観山は幼少期から狩野派の伝統的な描法を身につけ、その後、東京美術学校(現・東京藝術大学)で狩野派の筆法を学び直し、やまと絵の線や色彩の研究にも没頭しました。彼の作品には、伝統的な「彫り塗り」や「付け立て」といった描線を塗りつぶさない彩色方法や、輪郭線を用いずに立体感を表す技法が見られます。

《馬図》の制作年が留学中であることから、この作品には西洋絵画で学んだ色彩感覚や、空気感、光線の表現といった要素が取り入れられていると考えられます。具体的には、水彩を用いた柔らかな明暗表現や、伝統的な日本画の画材である絹や紙への着彩において、西洋の色彩理論が応用された可能性が高いです。彼の作品は、濃厚な油彩のような顕著な陰影表現とは異なるものの、写実的な描写に西洋的な要素が融合された特徴を持っています.

意味

下村観山のイギリス留学は、彼にとって日本の伝統絵画への回帰を促す契機ともなりました。西洋画を習得した上で、初めて日本画と西洋画双方を研究した結果を作品に表そうとしたのです。《馬図》を含むこの時期の作品群は、伝統を尊重しつつも、国際的な視点から日本画の新たな表現を模索した観山の姿勢を示しています。

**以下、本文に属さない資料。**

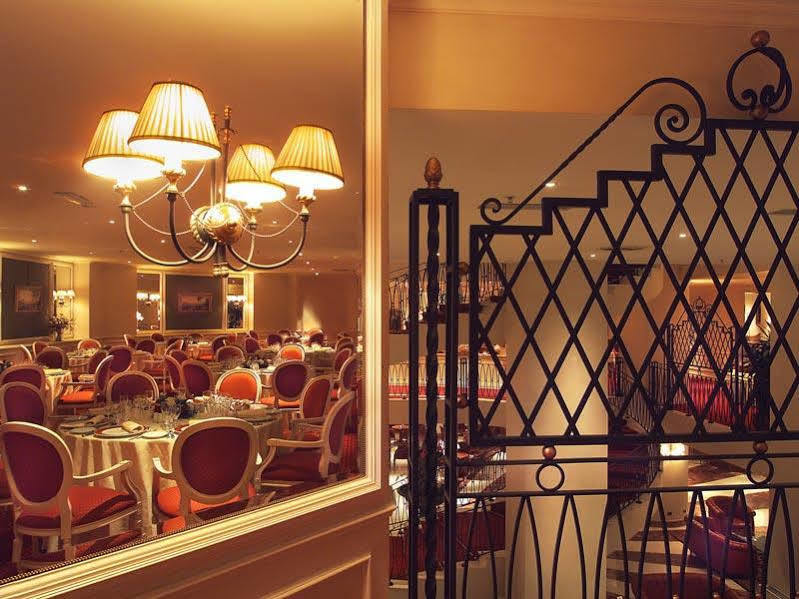 Grand Hotel Barone Di Sassj Sesto San Giovanni Exterior photo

彼の作品は、琳派の大胆な意匠と装飾性、やまと絵の技巧に加え、西洋の色彩感覚が融合されており、観山が近代日本画の革新に貢献しようとした強い意図が込められています。この《馬図》もまた、日本の絵画が世界の中でどのようにあるべきかを模索した、当時の観山の思想を体現する作品と言えるでしょう。

評価・影響

観山は、横山大観や菱田春草らと共に日本美術院の創設に加わり、明治期の日本画を牽引する存在の一人でした。彼のイギリス留学時代の作品は、従来の日本画とは一味違う雰囲気を持つと評され、全体的に暗い色調の中に遠近感が表現されるなど、西洋絵画の影響が指摘されています。

《馬図》が大英博物館に所蔵されていること自体が、観山作品の国際的な評価と、当時の日本美術が海外でどのように受容されたかを示す重要な事例です。ローレンス・ビニヨンやアーサー・モリソンのように、当時の英国の美術研究家は観山の古典回帰と高度な伝統技法による西洋画とのハイブリッドを高く評価していました。彼の幅広い古典研究の成果と、西洋画の要素を取り入れた画風は、日本美術院の第二世代の画家たちにも大きな影響を与え、近代日本画の発展に寄与しました。

《馬図》は、下村観山が日本の伝統と西洋の革新を融合させ、新たな日本画の道を切り開こうとした、その探求の過程を示す貴重な作品として、現在も高く評価されています。